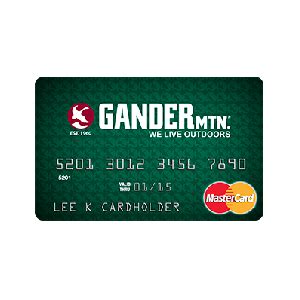 for Gander Mountain World Mastercard Purchases . 25.99%, 21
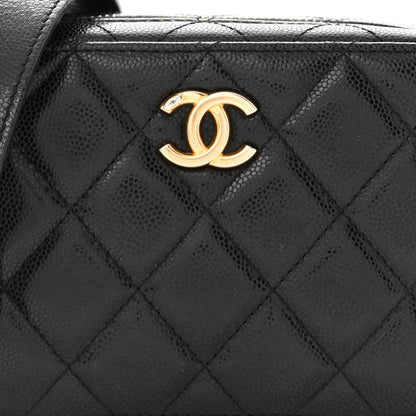 Chanel Caviar Quilted Twist Your Buttons Clutch With Chain Black 8 of 11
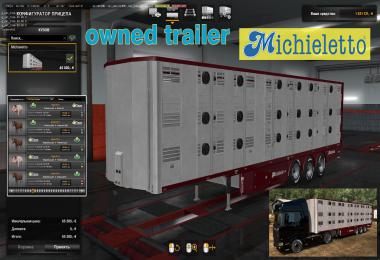 Ownable livestock trailer Michieletto v1.0.1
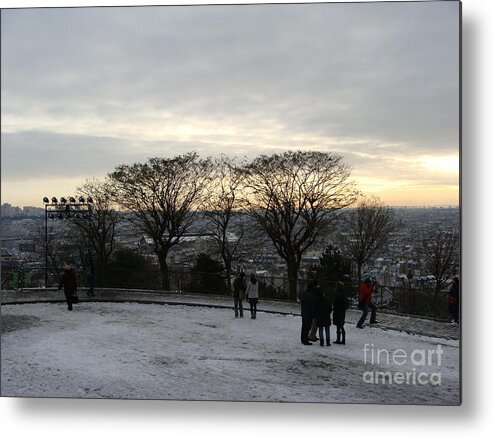 Paris Metal Print featuring the photograph View over Paris by Tiziana Maniezzo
────────
What to do =
With pictures excluded, copy exactly the lines from the line containing "Ownable livestock trailer Michieletto v1.0.1" through the last line of the listing above, both ends included.

Your response =
 Ownable livestock trailer Michieletto v1.0.1
 Paris Metal Print featuring the photograph View over Paris by Tiziana Maniezzo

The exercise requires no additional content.